A blond guy and a brunette girl were happily married and about to have a baby. One day, the wife started having contractions, so the husband rushed her to the hospital. He held her hand as she went through a trying birth. In the end, there were two little baby boys.
The blond guy turned to his wife and angrily said, "All right, who's the other father!?!"
Sunny Posted - Jul 01 2008 : 19:24:04
I'm confused!!!
Share with me why Dave has to have the last word? Did I miss something?
duck Posted - Jul 01 2008 : 18:53:25

Sunny,
Honora didn't break my rule. She only got back in there after other "questionable" forces of nature did. Your last comment rings so true.

Now, both of you: Dave has the last word on the previous thread. Don't send him to another forum. It was a completely "decent" thread and Dave has earned the right to do the final "Word" thing.

And they say women can't stop talking. Let's wait and see who, other than Dave having our express permission, goes there.

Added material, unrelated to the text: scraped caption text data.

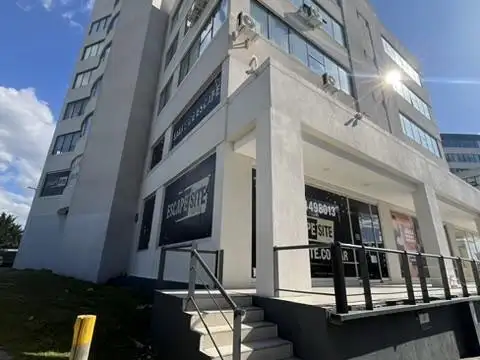 INVERSORES   Local comercial     paquete de cocheras EN VENTA en  Av. del Puerto 215, Nordelta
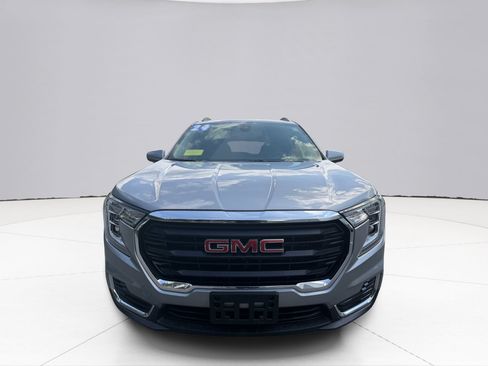 Used 2024 GMC Terrain SLE w/ Driver Convenience Package AWD/4WD image 8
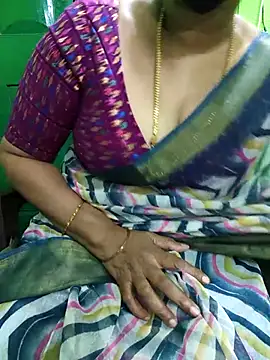 Snapshot of niiveditha chatting on 11-04-25, 11:58 niiveditha online show from 11-04-25, 11:58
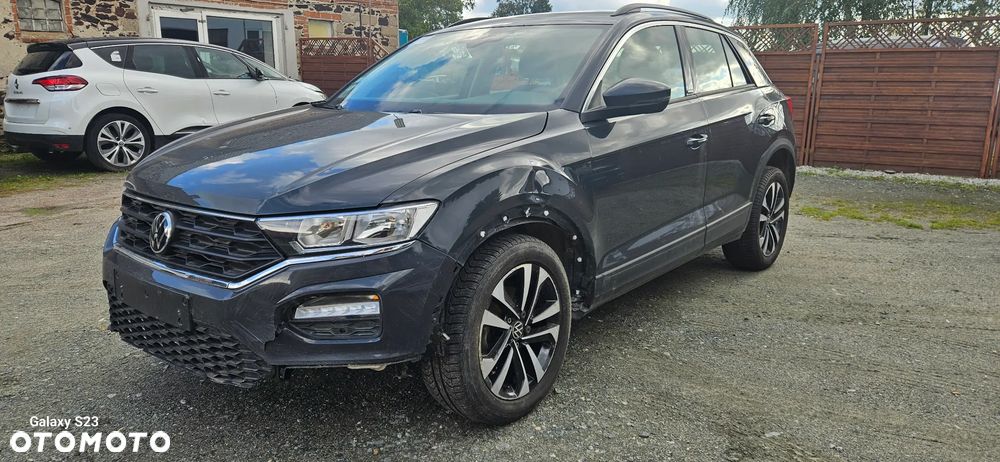 Volkswagen T-Roc - 8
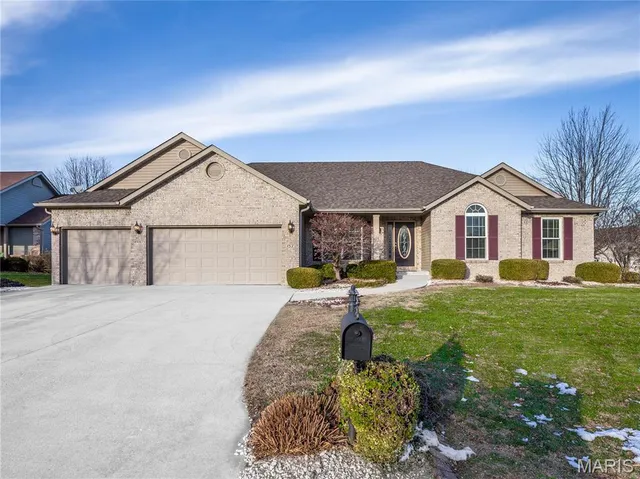 $405,000 | 157 Oak Hill Drive, Maryville, IL 62062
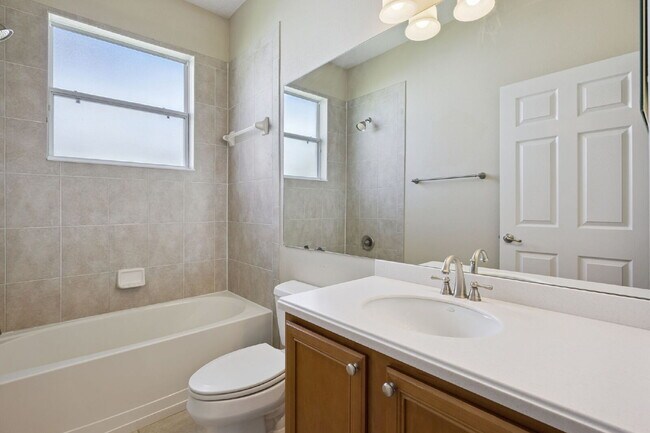 Building Photo - Spacious 3-Bedroom Gem with 2 Baths and 2238 Sq Ft of Comfort in Clermont!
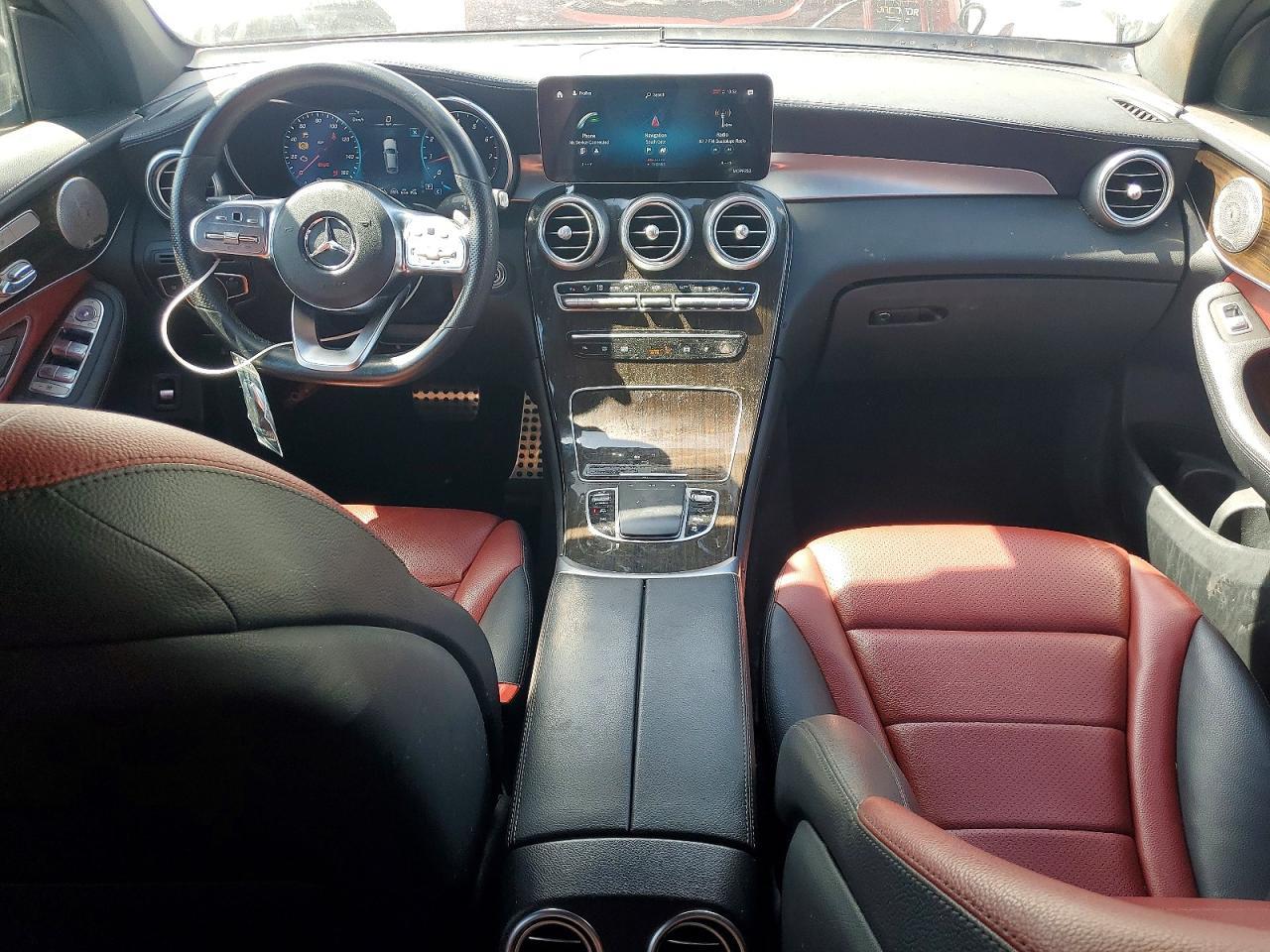 2021 Mercedes-Benz Glc Coupe 300 4Matic - zdjęcie 8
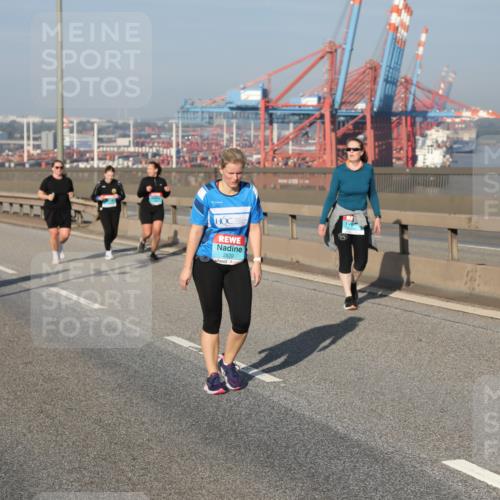 03.10.2025 - Köhlbrandbrückenlauf Yannick Fuchs http://msf.ph/oto/9133635 03.10.2025 09:06:26 Position 2 2520 meine-sportfotos.de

Now, back to "Anything at all."
lil red truck Posted - Jul 01 2008 : 18:12:59
Hey! She said the previous thread was closed! What fun is it to close a thread on the second post, anyway? I believe Dave deserves a decent thread to close.: )
Sunny Posted - Jul 01 2008 : 17:55:23
Since Honora broke your rule already, I'm adding this:

Maybe Dave could have the last word over at the Men Only forum? Or maybe we need a "Last Word" forum?
Hogan will never stand for it here in the WO.:o)
lil red truck Posted - Jul 01 2008 : 17:13:55
I could repost the "Have a Happy Period" item, but I won't.

Two young boys walk into a pharmacy one day, pick out a box of Tampax and proceed to the checkout counter.

The man at the counter asks the older boy, "Son, how old are you?"

"Eight," the boy replies.

The man continues, "Do you know what these are used for?"

"Not exactly," the boy says. "But they aren't for me. They're for him. He's my brother. He's four. We saw on TV that if you use these you would be able to swim and ride a bike. Right now he can't do either one."